Top 10 Hedging Plants For Attracting Wildlife
There's nothing quite like being able to watch and admire wild birds flittering around in your own garden. From autumn onwards, providing food/shelter becomes even more important as food becomes rather scarce.
That being said, even a small garden can even provide a natural source of food for wildlife. Here's some of the best plants for attracting wildlife..
1. English Holly (Ilex Aquifolium)
Holly is one of the best plants for bringing wildlife into the garden, as it's prickly foliage acts as a security barrier, and the berries provide the perfect source of food.
Though the berries are often ripe and ready by autumn, birds will often wait to feed on them during winter, when there's very little food sources around. You will most often find Blackbirds, Song Thrushes, Fieldfares, and Redwings making themselves at home amongst Holly bushes.
2. Hawthorn (Crataegus Monogyna)
Hawthorn is yet another delightful plant that produces plenty of fruit during the colder months.

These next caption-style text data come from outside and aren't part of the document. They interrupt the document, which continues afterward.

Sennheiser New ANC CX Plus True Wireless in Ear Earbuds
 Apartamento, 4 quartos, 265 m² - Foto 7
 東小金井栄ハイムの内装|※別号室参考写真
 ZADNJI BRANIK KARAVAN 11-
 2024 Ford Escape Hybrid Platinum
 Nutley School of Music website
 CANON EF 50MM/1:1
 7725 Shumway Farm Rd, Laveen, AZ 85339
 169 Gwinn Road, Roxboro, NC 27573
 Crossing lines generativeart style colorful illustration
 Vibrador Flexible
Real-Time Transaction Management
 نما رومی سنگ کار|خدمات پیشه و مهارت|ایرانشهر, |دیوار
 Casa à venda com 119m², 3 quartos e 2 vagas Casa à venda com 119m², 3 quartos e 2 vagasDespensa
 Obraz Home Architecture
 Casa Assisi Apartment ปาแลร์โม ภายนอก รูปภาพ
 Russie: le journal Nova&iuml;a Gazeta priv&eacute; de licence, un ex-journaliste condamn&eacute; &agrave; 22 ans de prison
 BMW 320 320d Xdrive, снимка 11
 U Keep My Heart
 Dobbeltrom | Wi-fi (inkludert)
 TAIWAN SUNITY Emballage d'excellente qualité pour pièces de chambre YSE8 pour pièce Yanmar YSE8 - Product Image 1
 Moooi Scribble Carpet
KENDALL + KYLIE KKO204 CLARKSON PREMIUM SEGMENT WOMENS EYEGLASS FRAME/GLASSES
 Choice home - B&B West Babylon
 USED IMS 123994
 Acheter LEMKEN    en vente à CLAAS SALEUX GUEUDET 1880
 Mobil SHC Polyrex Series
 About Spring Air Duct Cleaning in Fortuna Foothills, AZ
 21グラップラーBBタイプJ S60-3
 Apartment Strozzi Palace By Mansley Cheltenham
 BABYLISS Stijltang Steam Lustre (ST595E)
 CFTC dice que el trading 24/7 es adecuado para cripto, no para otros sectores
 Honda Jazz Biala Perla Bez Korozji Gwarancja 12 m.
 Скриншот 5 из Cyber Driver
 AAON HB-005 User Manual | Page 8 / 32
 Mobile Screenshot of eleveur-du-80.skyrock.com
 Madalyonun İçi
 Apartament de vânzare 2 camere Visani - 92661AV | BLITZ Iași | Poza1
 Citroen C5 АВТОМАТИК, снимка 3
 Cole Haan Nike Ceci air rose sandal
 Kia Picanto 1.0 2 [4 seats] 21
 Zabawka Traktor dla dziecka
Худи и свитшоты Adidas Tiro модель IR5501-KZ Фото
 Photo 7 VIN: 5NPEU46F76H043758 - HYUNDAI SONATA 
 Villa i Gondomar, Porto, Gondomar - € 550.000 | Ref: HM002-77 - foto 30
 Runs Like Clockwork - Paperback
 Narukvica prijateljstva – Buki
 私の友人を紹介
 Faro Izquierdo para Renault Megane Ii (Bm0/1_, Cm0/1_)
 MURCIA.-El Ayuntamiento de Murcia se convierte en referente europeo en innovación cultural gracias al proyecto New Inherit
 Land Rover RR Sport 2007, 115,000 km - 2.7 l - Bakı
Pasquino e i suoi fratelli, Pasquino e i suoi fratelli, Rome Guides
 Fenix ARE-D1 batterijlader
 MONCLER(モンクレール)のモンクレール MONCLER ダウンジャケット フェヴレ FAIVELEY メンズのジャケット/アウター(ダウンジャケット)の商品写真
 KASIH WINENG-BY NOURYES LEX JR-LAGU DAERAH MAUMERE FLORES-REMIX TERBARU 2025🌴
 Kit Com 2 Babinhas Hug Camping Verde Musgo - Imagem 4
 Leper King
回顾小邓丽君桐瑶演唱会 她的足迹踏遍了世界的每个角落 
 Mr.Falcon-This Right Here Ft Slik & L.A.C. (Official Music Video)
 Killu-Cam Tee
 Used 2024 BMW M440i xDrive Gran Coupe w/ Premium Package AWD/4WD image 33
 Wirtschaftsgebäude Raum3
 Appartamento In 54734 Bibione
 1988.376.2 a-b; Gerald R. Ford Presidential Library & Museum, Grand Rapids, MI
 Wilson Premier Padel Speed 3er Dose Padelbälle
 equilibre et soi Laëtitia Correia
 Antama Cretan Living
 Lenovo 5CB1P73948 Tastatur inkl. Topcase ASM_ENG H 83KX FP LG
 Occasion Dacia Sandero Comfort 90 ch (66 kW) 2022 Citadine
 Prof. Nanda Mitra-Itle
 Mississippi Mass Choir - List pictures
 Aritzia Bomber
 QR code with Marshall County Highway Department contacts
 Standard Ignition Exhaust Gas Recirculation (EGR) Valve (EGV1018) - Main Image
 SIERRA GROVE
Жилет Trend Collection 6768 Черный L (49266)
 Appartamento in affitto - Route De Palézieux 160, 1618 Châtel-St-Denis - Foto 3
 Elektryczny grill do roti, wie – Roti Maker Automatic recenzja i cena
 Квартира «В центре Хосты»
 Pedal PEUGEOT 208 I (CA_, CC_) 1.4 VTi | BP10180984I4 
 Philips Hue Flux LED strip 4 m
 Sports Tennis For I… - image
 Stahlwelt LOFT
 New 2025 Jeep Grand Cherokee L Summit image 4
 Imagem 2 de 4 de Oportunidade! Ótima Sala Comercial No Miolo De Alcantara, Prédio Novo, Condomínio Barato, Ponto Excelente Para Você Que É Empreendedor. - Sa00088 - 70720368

The shiny haws will often be seen all the way through to March! Blackbirds, fieldfare, starlings, greenfinches, redwings, are some of the most common species found enjoying Hawthorn berries.
That in mind, Hawthorn doesn't only attract plenty of birds, but the leaves are the foodplant for many species of moth and caterpillars, which then provides food for baby birds in spring.
3. Irish Ivy (Hedera Hibernica)
During autumn, Ivy produces lots of flowers that will attract plenty of insects, which will then provide food for the wrens and robins.
Berries will then appear in the middle of winter, which are thoroughly enjoyed by blackbirds, jays, starlings, thrushes, and waxwings.
The leaves will also produce food for caterpillars, and will be seen as a great, safe shelter for birds!
4. Rowan/Mountain Ash (Sorbus Aucuparia)
Rowan trees will produce berries from late Summer to mid-autumn (from July to November). It's a popular tree, loved by many gardeners, which will particularly attract blackbirds and starlings.
5. Franchet Cotoneaster (Cotoneaster Franchetii)
Franchet Cotoneaster is known for its lovely evergreen leaves that are accompanied with pink-white flowers in May, following with rich orange-red coloured berries during autumn. These attributes make the plant perfect for attracting birds, and their habitats, who love to feed on the delicious berries during winter.
6. Guelder Rose (Viburnum opulus)
Viburnum opulus has flat clusters of white flowers during summer, which are followed with stunning red berries in autumn- something the birds thoroughly enjoy!
With that in mind, as good as the plant is for the wildlife, it's also perfect as an ornamental hedging species with it's beautiful, scented flowers and bright green foliage.
7. Dog Rose (Rosa Canina)
The Dog Rose species is an attractive species of hedging that boasts delicately fragranced pink/white flowers in the summer, which then give way to red, berry-looking rose hips in autumn (which are very welcomed by the birds). These berries are in fact edible by humans, too!
The prickly nature of this species also makes it an ideal shelter for wildlife, so you're more than likely to attract plenty of lovely birds to your garden with Dog Rose.
8. Crab Apple (Malus Sylvestris)
Crab Apple hedging will surely bring life, colour, and style to your garden, with its showers of fruits and flowers each year. The gorgeous, summery blossoms are highly popular with the bees, and the edible crab apples are attractive to many birds including blackbirds, crows, and thrushes.
In fact, Crab Apple trees support 90 different species of insects which, in turn, provide plenty of food for birds!
9. Blackthorn (Prunus Spinosa)
Due to its prickly nature, Blackthorn provides a wonderful shelter for the birds, and the sloes that are produces in autumn act as a wonderful source of food!
You'll love the look of Blackthorn, too, with it's abundance of delicate, white flowers during spring.
10. Wild Privet (Ligustrum Vulgare)
The creamy-white flowers on Wild Privet will appear during Spring, following with deep blue-black berries in autumn. It's very popular amongst the birds and butterflies!
Please note, however, that Wild Privet's leaves, flowers, and berries are poisonous to humans.
Now that's only some of the best hedging plants to attract wildlife! There's plenty of others, too- i.e., Elderflower, Wild Pear, Buckthorn Alder, Hazel, and Cherry Plum.
That being said, hedging is incredible important to wildlife. Especially during winter, birds are limited to where they can shelter, and the food they can eat, and hedging is seen as a source of safety for them.
If you plant a hedge using these species above (whether that's a mixed or single specie hedge), you will be sure to discover more and more birds visiting your garden! And of course, if you have a smaller garden, the plants can always be placed as a single specie in a pot which will still attract wildlife as it blooms and grows.